I must dissent from this Court's assumption of original jurisdiction and crafting a form of declaratory relief based on common law writs. Title 12 O.S.1991, § 2, provides that the common law remains in force in this state unless there be a statute enacted in derogation thereof.

Title 12 O.S.1991 § 1651, et seq., the Uniform Declaratory Judgment Act, has abrogated the common law and places in the District Court, and no other court, the authority to entertain proceedings seeking declaratory judgment. Art. VII, sec. 4. Okl. Const., grants the power of appellate review to the Supreme Court together with certain named common law writs. Declaratory Judgment is not one of the types of proceedings enumerated in sec. 4, and this Court, in entertaining the instant action, ignores a legislatively prescribed mandate, that such actions be brought originally in a court of general jurisdiction. Relief by orderly process which would be both adequate and effective is available in the district court. We should await the judgment of that court, then exercise the constitutional power of appellate review. In the cases relied upon by the majority for interceding where there was a hopeless conflict between political entities, the moving party had sought one of the common law writs enumerated in the constitution.

We do not have an actual case or controversy before us in the legal sense. No person or entity in this case has been accused of a violation of an ethics rule or legislative enactment relating to ethics in politics or political office so as to be an aggrieved party. It is true we have before us two constitutional entities, i.e., the Ethics Commission and the Legislature, but disagreement, difference of opinion, and a dispute between the two bodies does not necessarily a “lawsuit” make.

The Attorney General of Oklahoma objects to this Court’s assuming original jurisdiction and adjudicating the matter, and for good reason. 74 O.S.1991 § 18b(e) provides:

“The duties of the Attorney General as the chief law officer of the state shall be:
* * * * * *
(e) To give his [her] opinion in writing upon all questions of law submitted to him [her] by the Legislature or either branch thereof, or by any state officer, board, commission or department, provided, that the Attorney General shall not furnish opinions to any but district attorneys, the Legislature or either branch thereof, or any state official, board, commission or department, and to them only upon matters in which they are officially interested.”

I submit that the attorney general has the express authority to advise these parties by reason of § 18b(e) as to the constitutionality of HJR 1077 and the legal consequences of that House Joint Resolution. In thi§ case, we have relieved the Attorney General of this statutory duty, and become, in effect, a “Super Attorney General” by issuing an advisory opinion. This I cannot, in good conscience, condone for it flirts with a violation of the separation of powers doctrine.

I first voiced my concern regarding advisory opinions by this Court in my dissent from Oklahoma Ass’n of Mun.
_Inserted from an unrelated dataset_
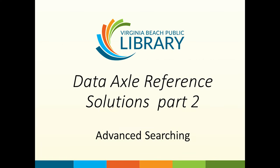Welcome to Data Axle Reference Solutions, formerly called Reference USA, Part 2, Advanced Searching.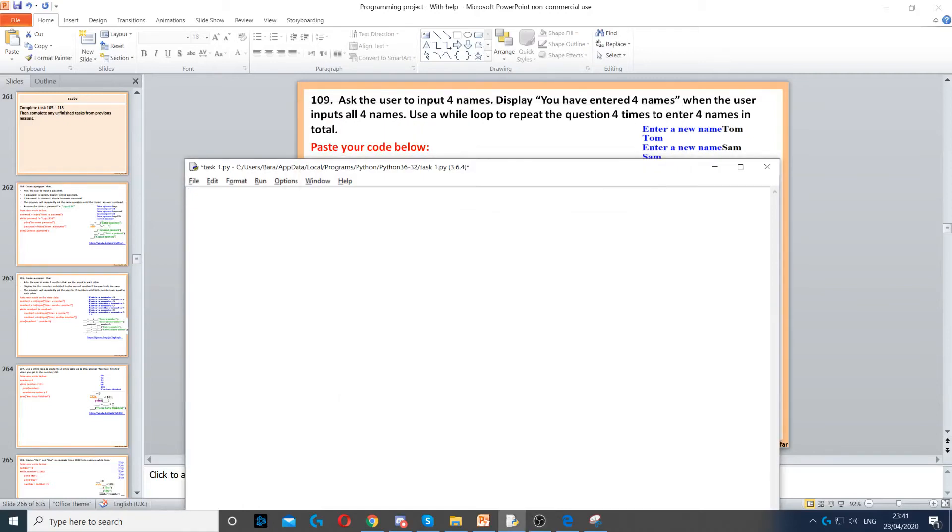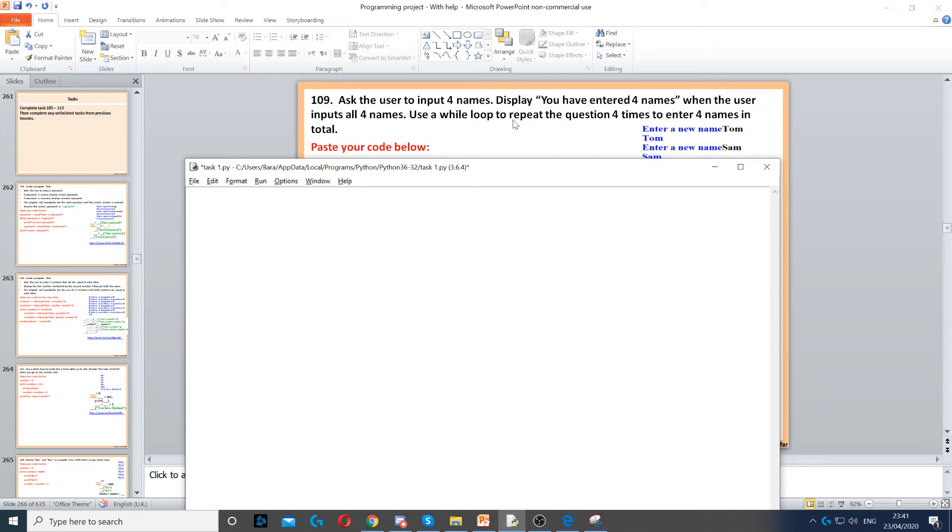In this question we need to ask the user to input four names and then we display 'You have entered four names' when the user inputs all four names. Now it says use a while loop to repeat the question four times to enter four names in total.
Attys v. State, 577 P.2d 1310 (Okl.1978). The reasoning expressed in that dissent is as valid today as it was fifteen years ago.
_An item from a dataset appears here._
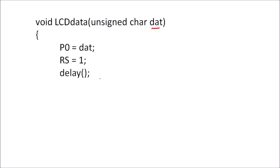We will call a delay and then again send an enable signal, so high to low pulse will be transmitted on this enable terminal. Then we will call a delay, and so this function will write ASCII value of character in the data register and that will be displayed on LCD.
Today we establish imprudent precedent when we condone the summoning into Court of the President Pro Tempore of the Senate and the Speaker of the House of *1087Representatives, as representatives of those two constitutional bodies, when the constitutionality of a resolution or statute is in question.

A very fine and learned jurist from Pawnee, Oklahoma, Justice Thurman Hurst wrote in City of Shawnee v. Taylor, 191 Okl. 687, 132 P.2d 950 (1943):

“It is well settled that this court ‘will not pass upon the constitutionality of an act of the Legislature or any of its provisions until there is presented a proper case in which it is made to appear that the person complaining has been or is about to be denied some right or privilege to which he was lawfully entitled, or is about to be subjected to some of its burdens or penalties.’ {Citations Omitted} In other words as a general rule the courts decide questions only when those urging them have an interest to protect and will be injured by the enforcement, or refusal to enforce, the rule or statute involved. This court does not give advisory opinions, answer hypothetical questions or enter declaratory judgments.” (E.S.)

The constitutional jurisdictional limitations upon this Court are no different now from what they were in 1943. I would invoke the wisdom of Justice Hurst and deny the Application to Assume Original Jurisdiction and reject the use of “raw judicial power” as advocated by the majority and the concur in result opinions.